I was also asked why she considered my friend Violet (28F) a pick-me girl. I honestly don’t know. The definition as I know it doesn’t fit Violet, imo. When I ask my GF, she only says that a woman knows another woman. She won’t elaborate. She never pinpoints specifics.

My GF was known to have a bit of a mean girl side back in high school, tbh. We discussed this before we started dating, and she seemed to work through that in college. But now it feels like that side very much shows whenever it comes to my interests or with anything involving Violet.

In regard to the ultimatum, I went back and forth on what I should do and what I wanted for me individually and for my relationship. I decided to still go on the group trip.

I do believe compromise is part of a relationship, but this ultimatum isn’t that. It’s an attempt to bulldoze in order to have control instead of working together.

I had to ask myself if I did go along with this ultimatum, then what will it lead to? What stops other ultimatums against my interests or whenever she sees fit?

I still wanted to give another shot at working things out, so I had that talk with my GF and let her know of my intentions of going on the trip.

I told her that I understood her feelings and that she does matter to me, but I felt that this ultimatum wasn’t healthy going forward for anyone involved. I again invited her to come on the trip, with her either staying with us at the AirBNB or her and I staying at a hotel, and I thought the trip could be good for us. That was a no-go.

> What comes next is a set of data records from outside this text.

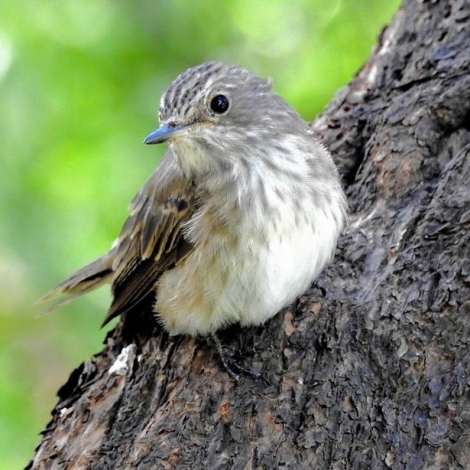 Spotted Flycatcher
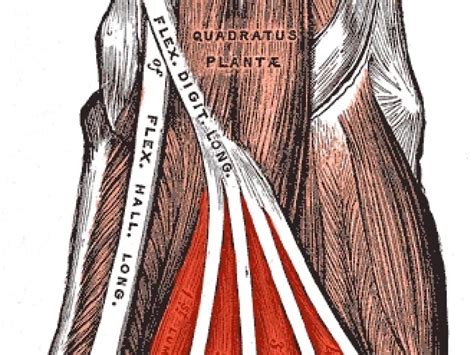 Lumbricals Muscle Of The Foot Origin, Insertion, Function,, 44% OFF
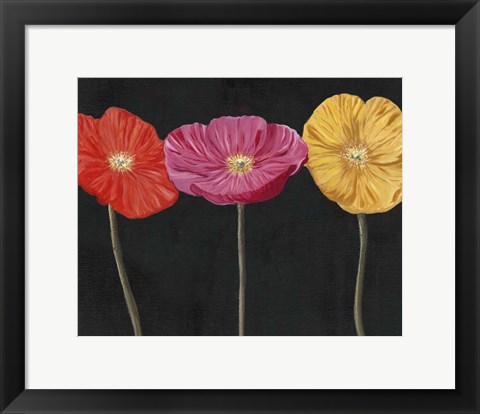 Framed Poppy Trio II Print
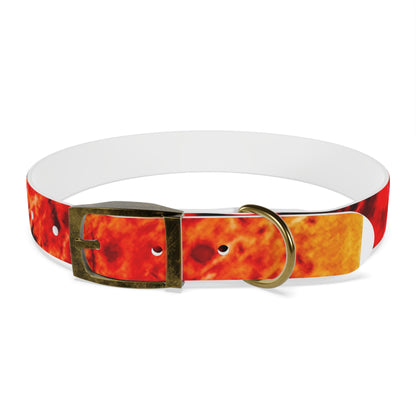 Personalised Dog Collar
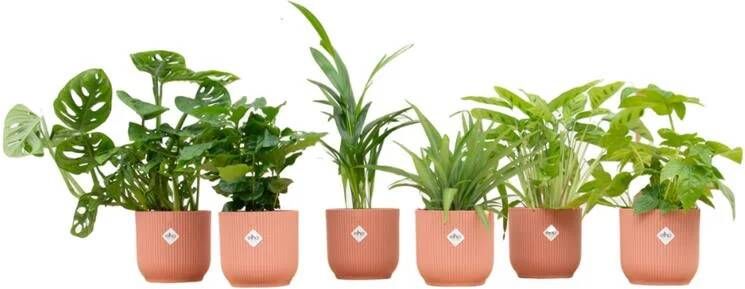 Elho Verrassingsbox 6 planten + Vibes Fold Round roze Ø14 20-40cm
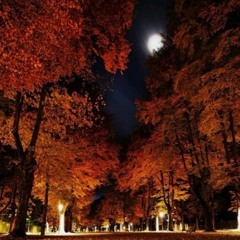 2018 (prod. metlast)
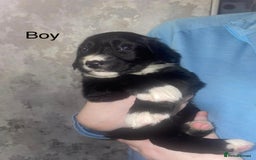 Mixed Breed dogs for sale: Shepard x spaniel puppies - Image 4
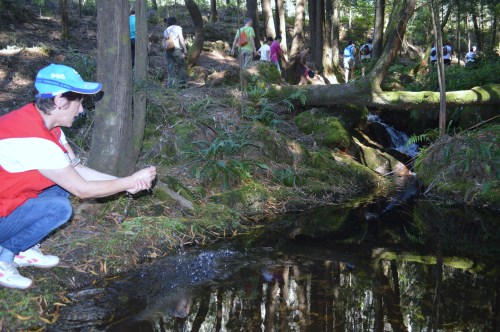 Percorrido polo rego de Castiñeiras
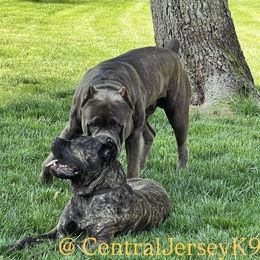 Cane Corso puppies from Central Jersey K9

There wasn’t any compromise she was willing to accept. She was still firm on the ultimatum and said she made her position clear, and if I was still going on the trip, then there was nothing more to discuss.

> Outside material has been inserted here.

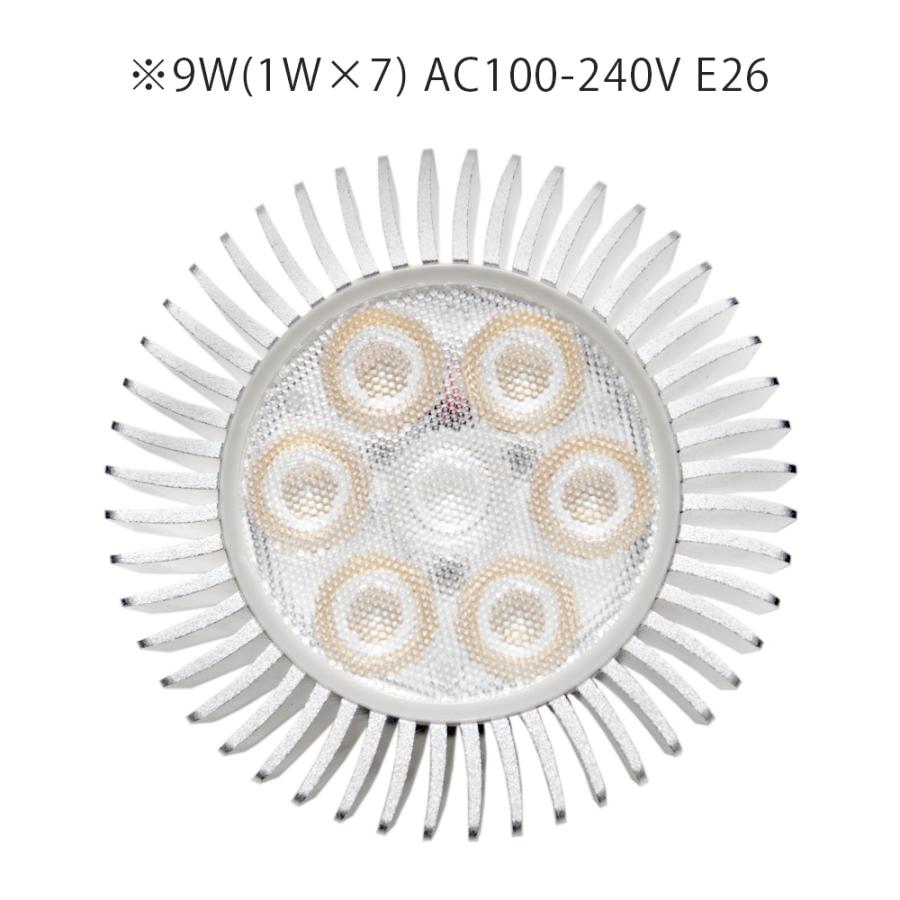 バイタルウェーブ2 バイオレット 9W 水槽 ライト 照明 : チャーム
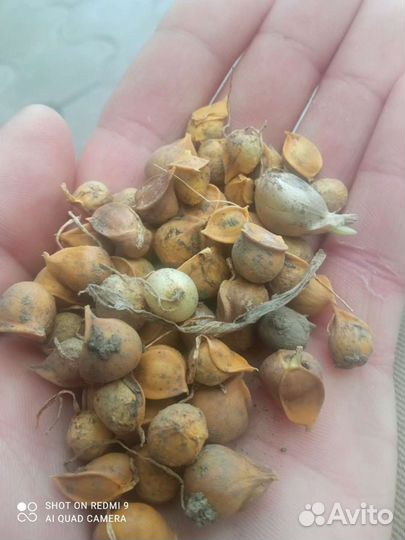 Лукочеснок Рокамбуль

She kept repeating on and off that she hopes choosing Violet was worth it. I told her it had nothing to do with Violet and that she was the one making an entire group trip about Violet. The discourse wasn’t anything productive.

I asked her if she would please reconsider the situation. She said there was nothing to reconsider and that the choice is in my hands. I asked if we could talk again after the con to see how we were feeling, and her exact words were, the only conversation I’ll be having is with the walls because she won’t be in our place anymore when I get back.

Ever since then, she’s barely said a word to me, and my texts are left on read. So, I guess I’m unofficially being given the silent treatment.

I don’t understand why it has to be this way. We should be able to communicate. I don’t feel equally supported, seen, or appreciated in this relationship anymore.

It’s a mess, but a lot of the feedback I received on here and the recent argument has been a wake-up call, and there has to be some kind of change.

I do think the trip would be a nice refresher, and it’s my intent to still go. I don’t believe I’ll be any better off not going, tbh.

Thank you to everyone again.

TL;DR Update on my girlfriend giving me an ultimatum regarding a friend group trip.

**RELEVANT COMME...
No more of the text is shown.